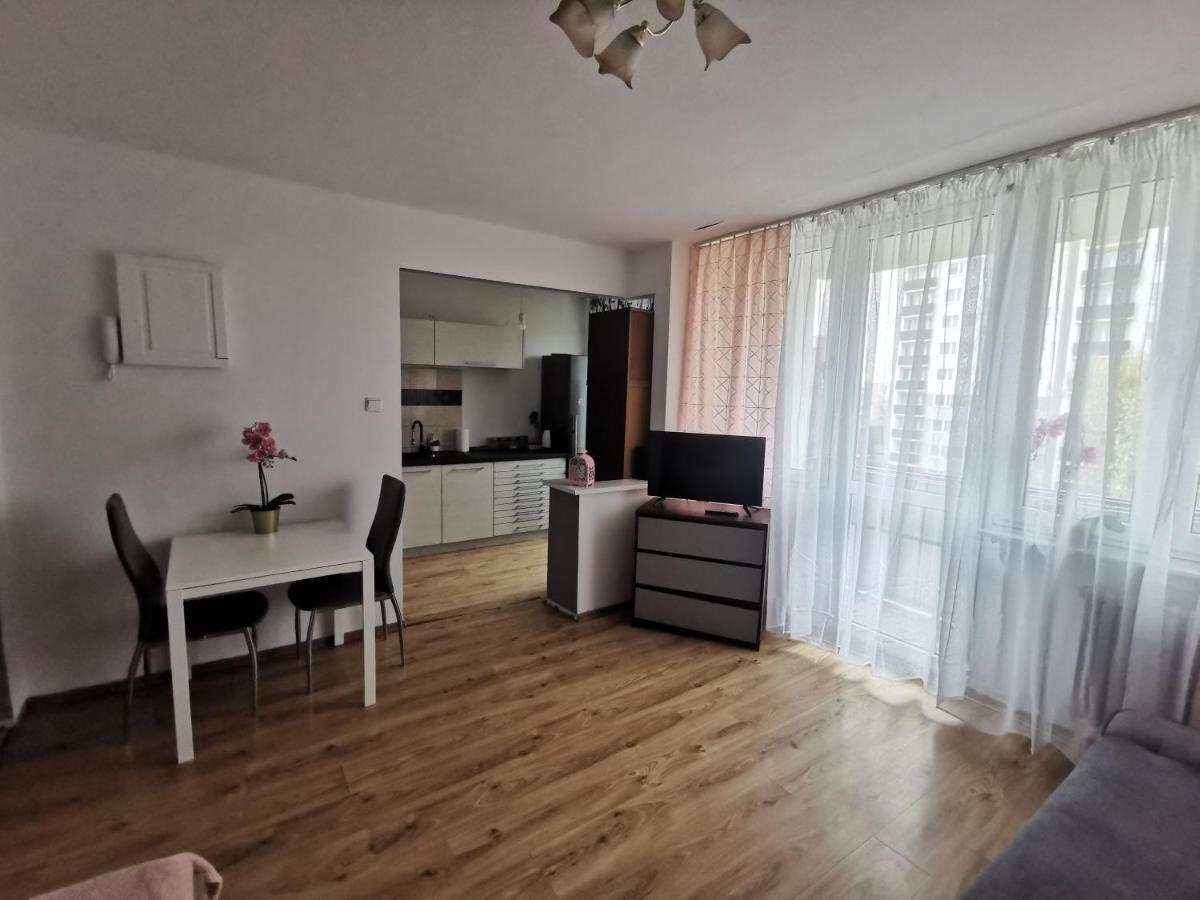Kawalerka Z Balkonem 27 Apartman Częstochowa Kültér fotó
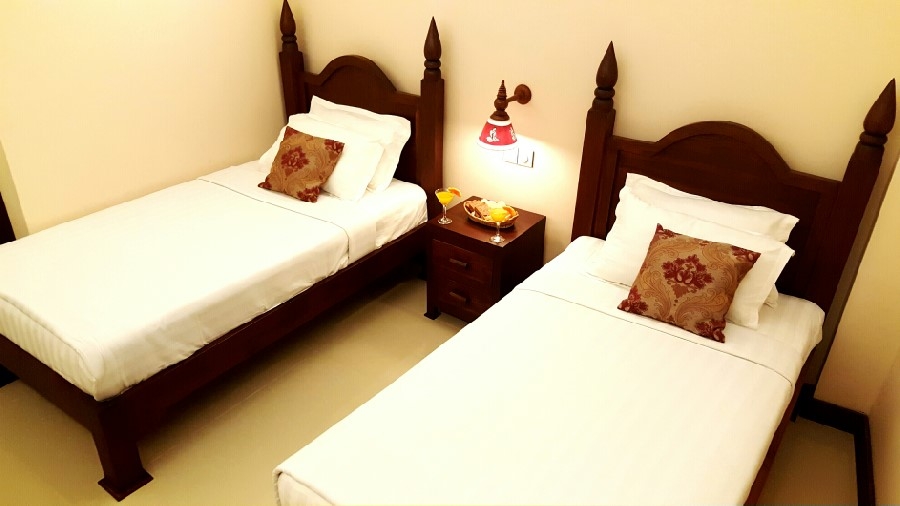 785bf-royal-bagan-hotel-room-2.jpg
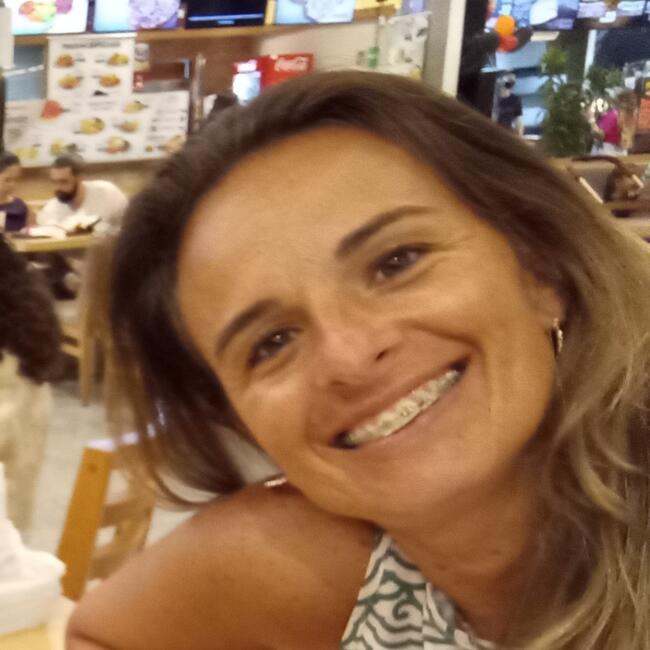 Babá em Recife: Mariana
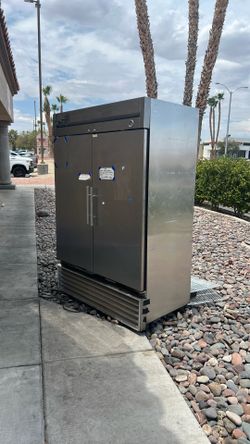 Free 2 door cooler reach in for parts only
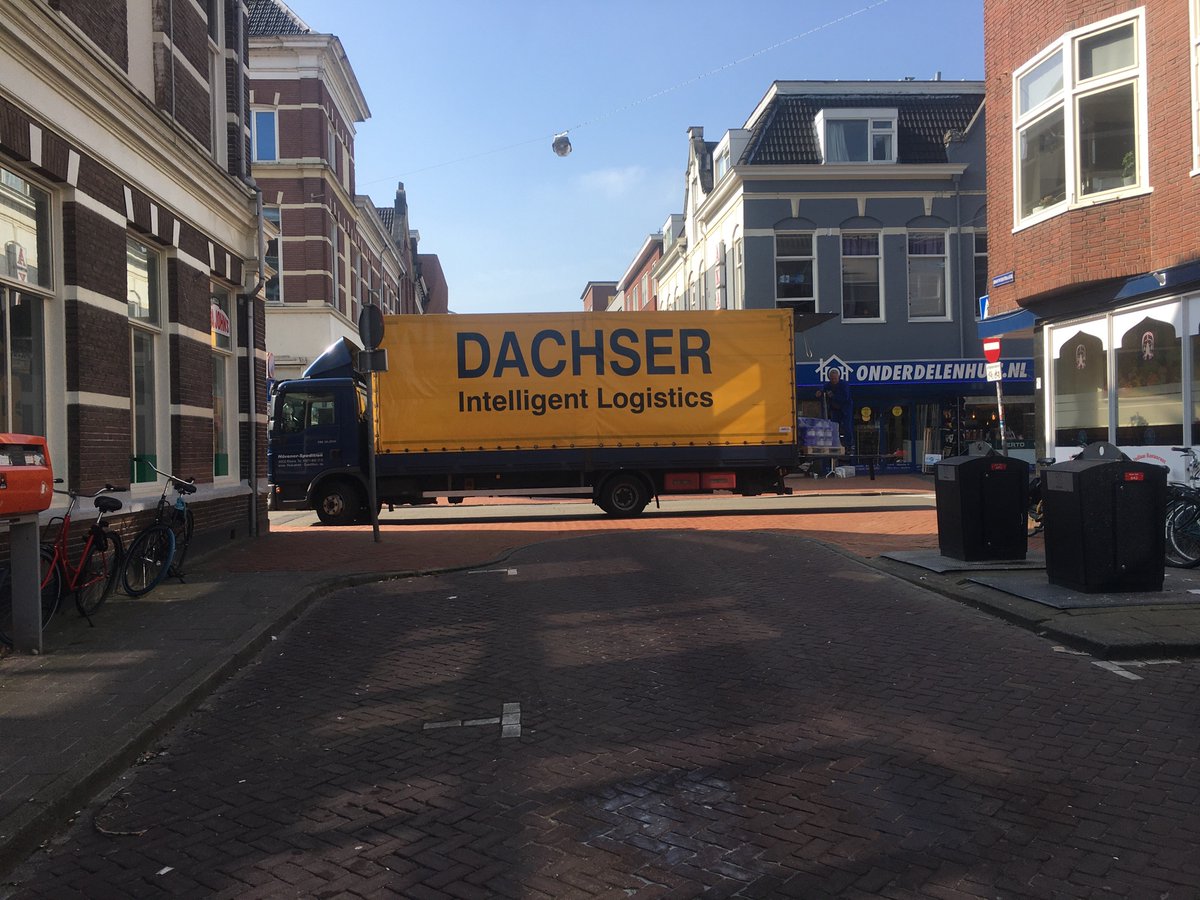 ritzotencate's tweet photo. Dachser. Intelligent logistics.
Less intelligent parking. #datkanliever, #doeuslief. https://t.co/5175VkoPiR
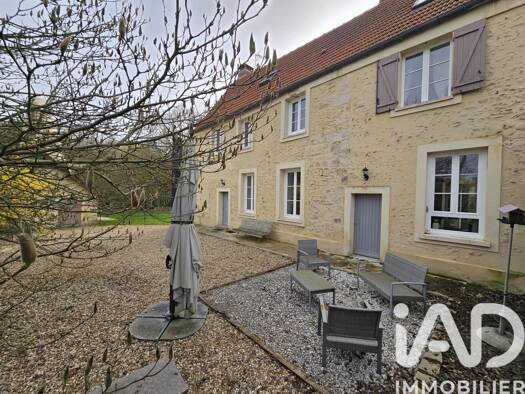 Maison à vendre 469 000 € 8 pièces 6 chambres 175,1 m² 693 m² de terrain Saint-Hilarion 78125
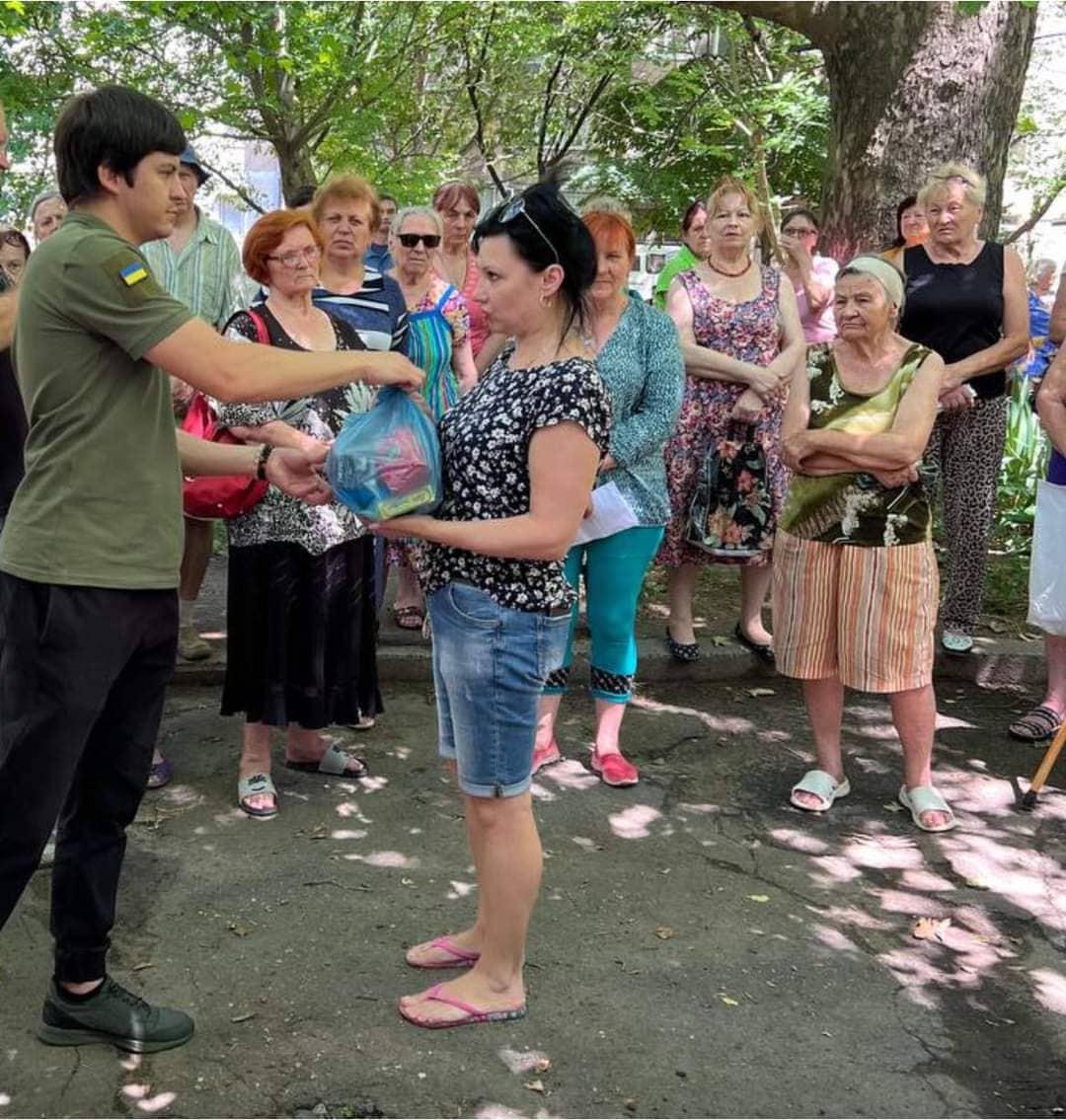 Azərbaycanlı deputat və atası Nikolayevdə yardım aksiyasına başçılıq edir (FOTO)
=======
_What this task involves_.
Pictures excluded, copy exactly the lines running from the one with "Maison à vendre" through the last line of the material.

_Exercise output_.
 Maison à vendre 469 000 € 8 pièces 6 chambres 175,1 m² 693 m² de terrain Saint-Hilarion 78125
 Azərbaycanlı deputat və atası Nikolayevdə yardım aksiyasına başçılıq edir (FOTO)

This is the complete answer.